We’ll start with the speed bump/hump

It is believed that the first appearance of speed humps came into being in 1906 in Chatham, New Jersey
(USA) when the New York times reported that the municipality planned to raise the crosswalks by five
inches in order to slow motor vehicle traffic so as to provide further safety for pedestrians crossing the
roads. At the time, the average vehicle’s top speed was around 48km/h (30mph). Pretty hilarious when you
consider that 120 years later cars are zooming around on highways at legal speeds of 120km/h. However, the
difference between then and now is the braking distance. Cars of old had extremely poor braking capabilities
whereas now a car travelling at 60km/h has an average braking speed of 6.87 seconds.

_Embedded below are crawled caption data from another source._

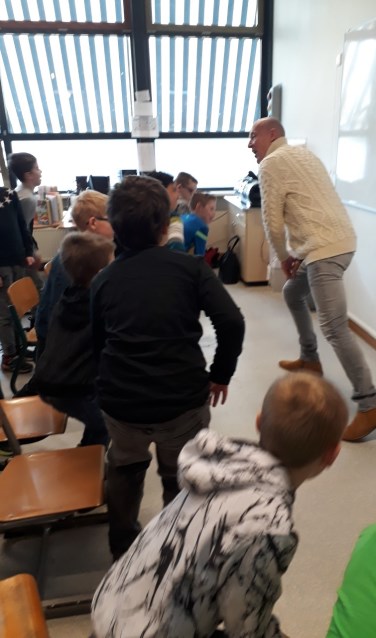 Fred Diks liet de leerlingen van Diekmaat en Da Vinci rekken en strekken. Foto: PR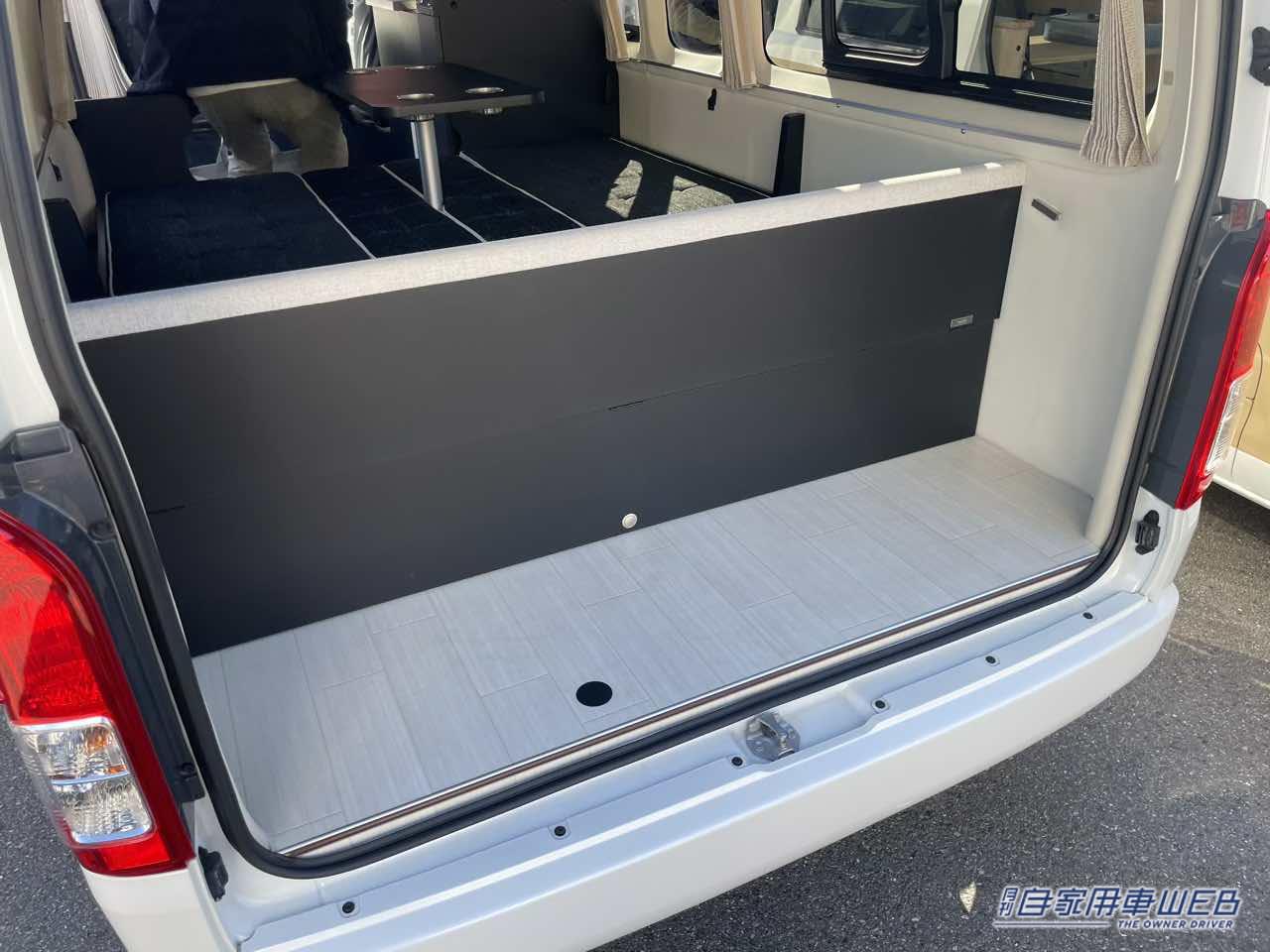 |これはフラットスペースが広くて最高だ! トヨタ ハイエースがベースのキャンパー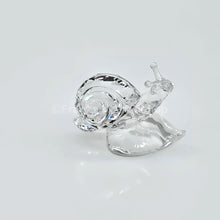 Lade das Bild in den Galerie-Viewer, SWAROVSKI Schnecke auf Blatt 5135940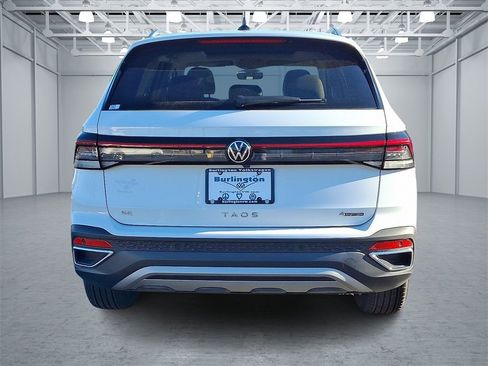 Certified 2025 Volkswagen Taos SE w/ Panoramic Sunroof Package image 5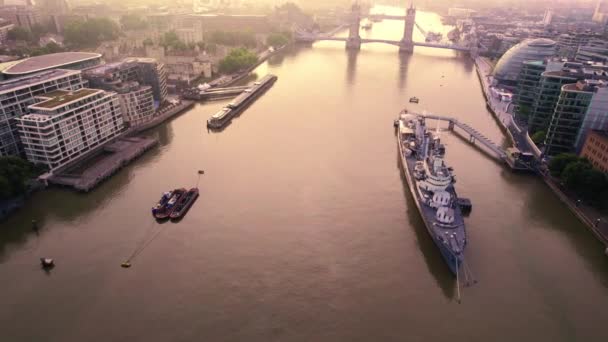 Widok Ptaka Tower Bridge Latający Nad Tamizą Wieczorem Różowe Niebo — Wideo stockowe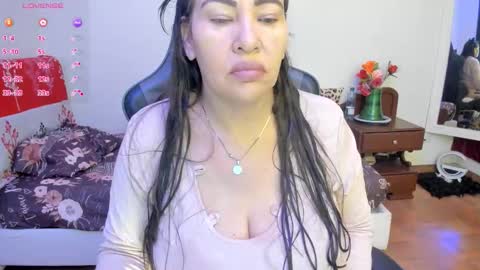 esme online show from December 2025 02:44:01 PM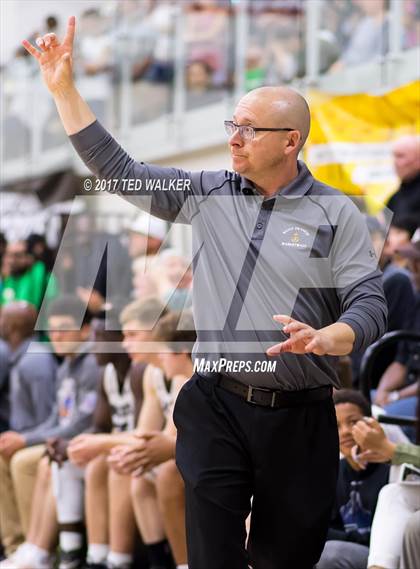 Thumbnail 3 in Moreau Catholic @ Saint Francis (CIF NorCal D2 Championship) photogallery.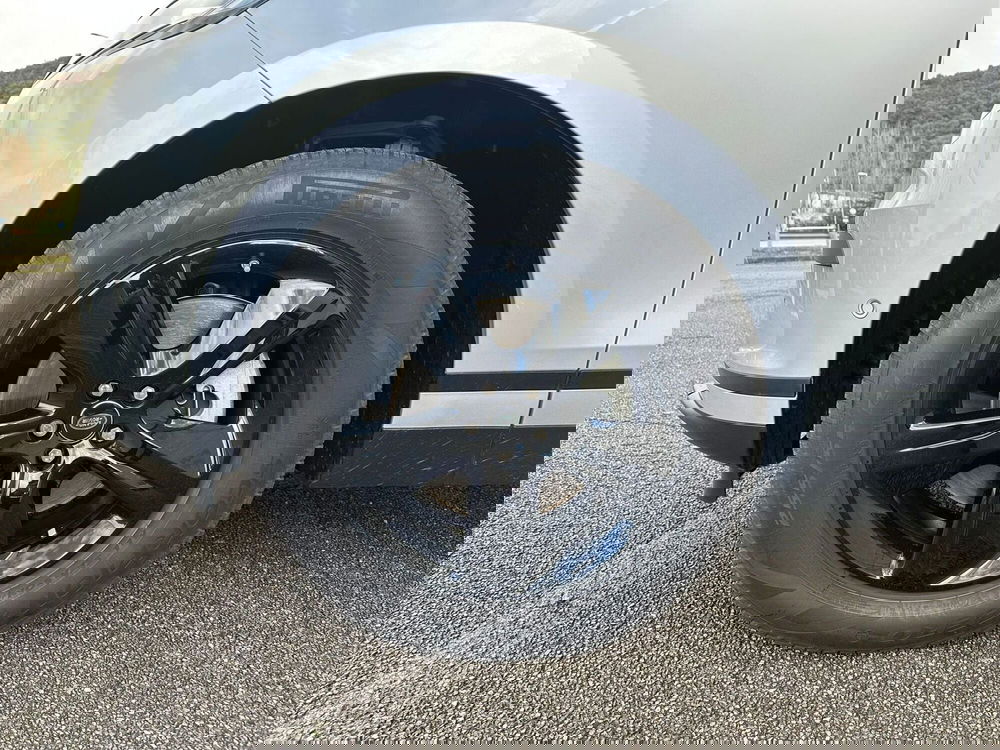 Land Rover Range Rover Velar usata a Salerno (9)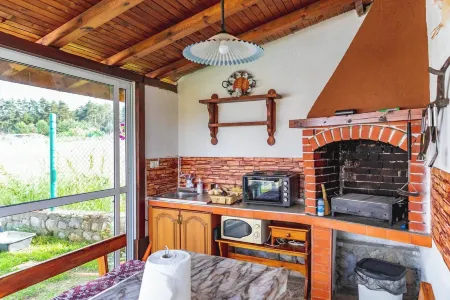 Cozy Villa Retreat in Cigov Chark Отели в г. Батак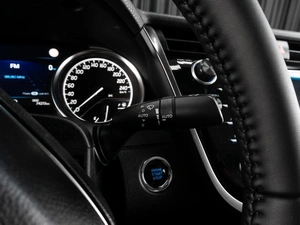 Седан Toyota Camry 2019 года, 2969000 рублей, Тюмень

Traffic circles, or roundabouts as they are known across the world, have been with us for centuries. Think
the Circus in Bath, Somerset, England (1768), the famous Arc de Triomphe in Paris, France (1780) or
Monument Circle in Indianapolis, Indiana (1821). That last one brings to mind the Indy 500. Guess they
really like their big circles over there.

Moving on.

These first roundabouts, however, were huge and designed as a means to regulate enormous traffic flow. As
a result, they weren’t very widely used at all. In fact, it was only in the 1960’s when Frank Blackmore, a
British airman and traffic engineer, on behalf of the UK’s Transport Research Laboratory developed and
invented the ‘mini roundabout’ that the roundabout we are all familiar with today, came into being.